The textile tradition of our country, dating back to the Indus Valley Civilisation, is known for its rich and assorted variety. Brinda Suri gets into the warp and weft of the textile world to offer us a glimpse of the same

There’s a delightful folktale from Arunachal’s Mishmi tribe which speaks about the origin of weaving. It’s titled Hambrumai and tells the story of a beautiful fish called Hambru. One day, Hambru gets caught in the fish trap placed by Kowonsa, a fisherman. Hambru’s radiance takes his breath away, and Kowonsa decides to hide her in a gourd. The next day, when he returns from fishing, he finds his hut overflowing with dazzling cloth embellished with a fish-scale pattern. This episode repeats itself day after day.

Curiosity gets the better of Kowonsa and he decides to skip work and stay at home. He stealthily hides in a corner, and to his astonishment, he watches as Hambru emerges from the gourd and transforms into a charming girl with flowing tresses. She carries a loom, and on it, weaves the stunning pieces of cloth that Kowonsa had seen everyday.

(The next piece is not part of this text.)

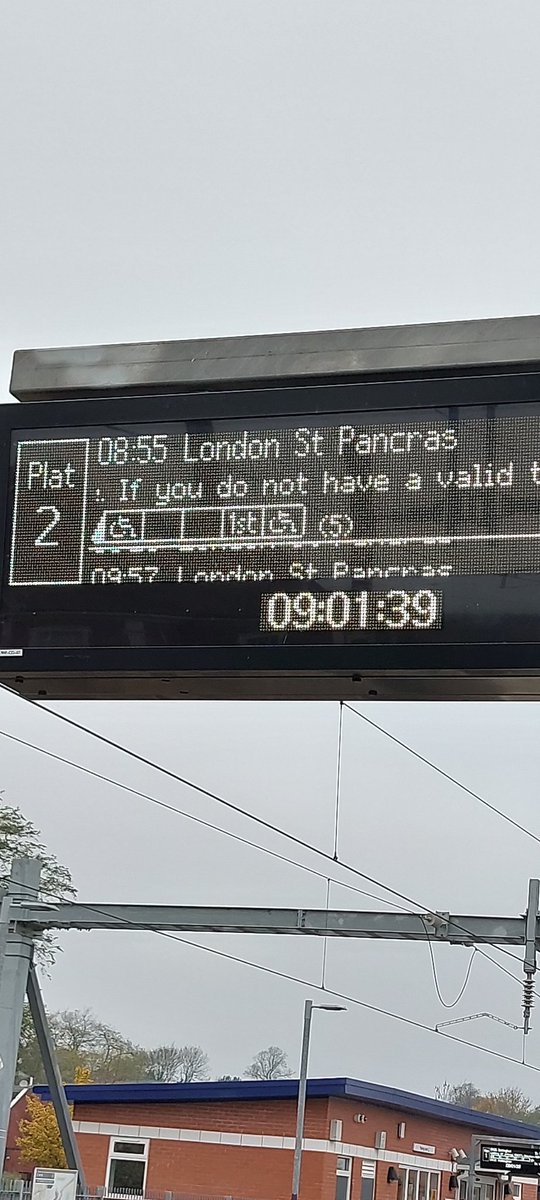 AliCheyney's tweet photo. @EastMidRailway why do we only sometimes get the carriage letters? I find it hard to know where to stand on the platform anyway but hate having to walk between carriages 😑 https://t.co/1PXg92mqjC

Hambru was under an evil magician’s spell which could only be broken if another person saw her as a girl. Unaware of the curse, Kowonsa comes out of hiding and holds Hambru’s hand. She is released from the spell and marries Kowonsa. She begins teaching the women of the village how to weave. One day, Kowonsa unwittingly keeps Hambru’s loom out in the courtyard, and a gust of wind blows it away, breaking it. The legend follows that wherever broken pieces of the loom had landed, the people of the region learnt how to weave. The Mishmi also believe the designs Hambru wove turned into butterflies, and her patterns can still be seen on their wings.

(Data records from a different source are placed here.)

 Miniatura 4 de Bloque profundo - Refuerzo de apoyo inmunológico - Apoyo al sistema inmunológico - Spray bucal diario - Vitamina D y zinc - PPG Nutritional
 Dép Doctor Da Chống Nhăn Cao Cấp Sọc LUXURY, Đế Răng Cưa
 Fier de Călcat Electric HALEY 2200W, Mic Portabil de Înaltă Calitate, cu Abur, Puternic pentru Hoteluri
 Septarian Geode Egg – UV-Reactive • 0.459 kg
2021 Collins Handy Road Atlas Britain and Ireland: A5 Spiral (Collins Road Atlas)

Perhaps Hambru did teach the world how to weave, for the art of making cloth is as old as civilisation itself. Undoubtedly, the Indian subcontinent has a rich textile legacy. Mehrgarh, the earliest known village of the Indus Valley Civilisation, dating back to 6000 BC, shows evidence of cotton seeds as well as fibre. At Mohenjo-daro, the woven cotton cloth discovered has been dated to 4000 BC. Archaeologists agree that most of the trade which made the city grow was based on its cotton export.

Innumerable varieties

Handloom has always enjoyed a pride of place in the country. Every region in India boasts of a particular style of weaving on a variety of handmade looms (fly-shuttle, pit, backstrap, loin loom etc) and a subsequent dressing of textile. Incidentally, handloom has become a much misused word. Today almost everything gets tagged as a ‘handloom’ product so as to increase its craft-quotient. In reality, only fabric that is handwoven has the right to be labelled a ‘handloom’ product. Khadi, on the other hand, is a fabric that is hand-spun as well as handwoven. As an aside, just in case you thought ‘handloom’ solely meant the block-printed cotton kurta you purchased from the neighbourhood ethnic-apparel shop, you are yet to discover the weft and warp of the textile world!

It is important to first touch upon the country’s handwoven illustrations. While Kashmir weaves the pashmina, the tribes of the north-east transform yarn into an extraordinary range of woven textiles. The villages of Orissa and Andhra have ikkat to show-off, while Gujarat has patola, mashru and tanchoi. Tamil Nadu is famous for the Madras checks, Madhya Pradesh for Chanderi, and Uttar Pradesh for brocade. In almost every state, a tremendous range of sarees and shawls (both cotton and wool) are woven.

Indeed, the act of weaving is considered almost spiritual in India. Textile lexicon is metaphorically powerful, often being used to express a philosophical thought. For instance, sutra originating from the word sut (thread), means stringing together a guru’s teaching. Tantra is from tant (warp), and denotes that which can go beyond limits. Yantra (loom) is the creation of a form for meditation. It looks easy and effortless. It’s not. And here comes into play the skill of the Indian weaver who more often than not is unlettered, but weaves yarn into the most brilliant fabric.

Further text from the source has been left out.